Agreed. I just want to make sure we’re being careful to separate fact from speculation. Ed would have to be the one to make it more clear, and if he hasn’t, it’s because he’s choosing not to, so as not to point fingers. I find that not hypocritical, but classy.
“While I haven’t bought any of the products, I *have* done some fairly extensive reading about the changes.”
Does that come from actually reading the 4e sourcebooks, or browsing opinions on the internet? Because online, people are always markedly more vocal in their opposition to something than in support (the people who do like it tend not to bother saying so), and the 4e FR has caused quite a bit of online angst. Arguments like “completely hosing 30+ years of NPC development and canon” echo to me like things said by people online who haven’t actually bothered to look at the sourcebooks or the DDI articles, so they can’t see the effort a lot of us designers are making to tie everything together, the old and the new. (I’m thinking particularly of Ed and the James Brothers, but it goes for a LOT of us.)
The canon is all still there, and a good number of the stories are still going strong, despite a 100 year jump. I for one feel just as comfortable in the new Realms as in the 3e Realms, or the 2e Realms, or the 1e Realms.
(I do agree that retcons are always dodgy, but I don’t think this one is as severe as it appears on the surface. Also, the deific trimming was IMO unnecessary, and it’s strictly for mechanical game purposes. They just didn’t want it seeming too complicated, and I know some of us who are really up on it don’t find it so, but nor do we want our setting to be an old boys club, if you know what I mean.
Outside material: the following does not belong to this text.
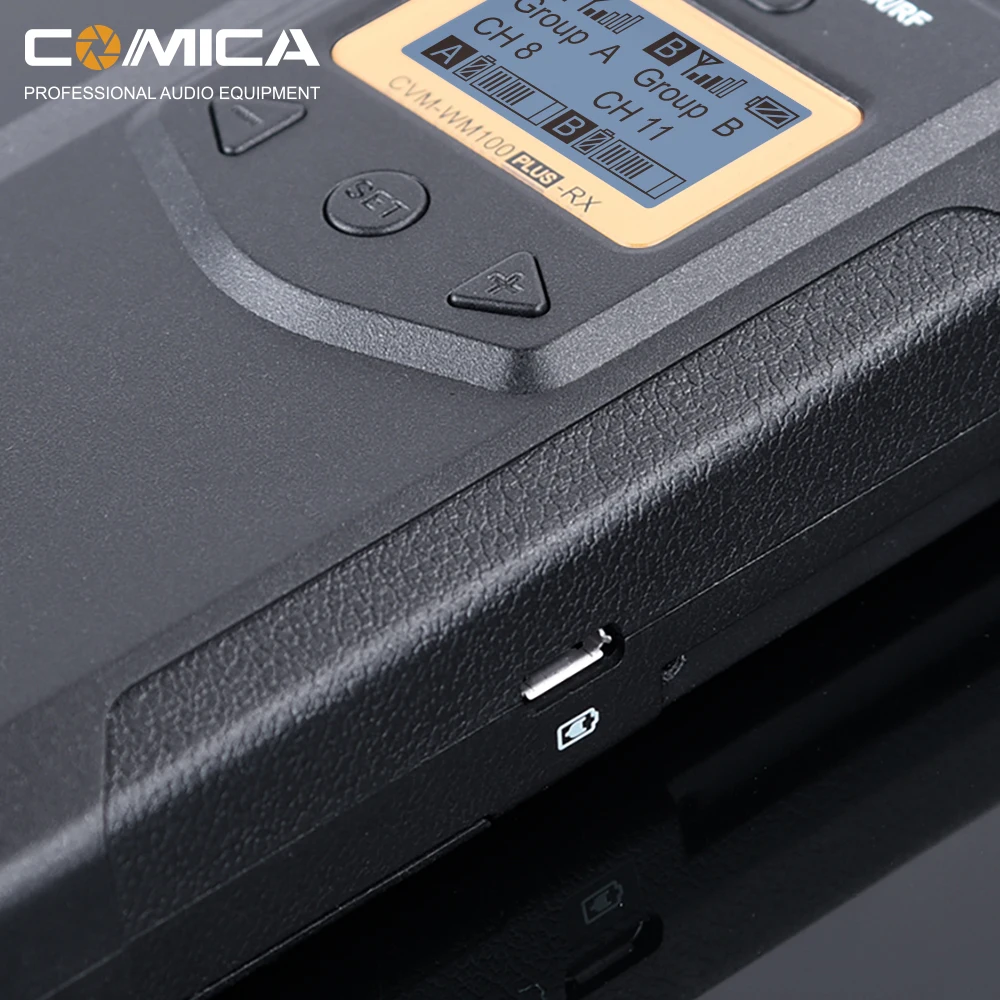 COMICA CVM-WM100 плюс UHF 48 каналов беспроводной двойной Lavalier микрофон системы для Canon Nikon Sony, Panasonic DSLR камеры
So while I don’t agree with the changes, I can at least understand why they made them.)
Judging the whole 4e FR setting on the basis of the FRCG is like judging 3e on the basis of the FRCS–it’s much less fully realized than it is when you look at EVERYTHING. Now it’s true, WotC has brought that on themselves by not launching into a full production cycle of sourcebooks, but there are DDI articles (averaging about one a month), and they’ve recently announced returning to print products with the Neverwinter Campaign Guide out next year (of which I wrote a third, and IMO, the book’s pretty rockin’). So there is considerably light on the horizon.
And maybe all this is moot–you have indeed checked it out, decided you didn’t like it, and that’s all fine and good. I just encourage people to look at it and make their own decisions, rather than just going with the opinions of others.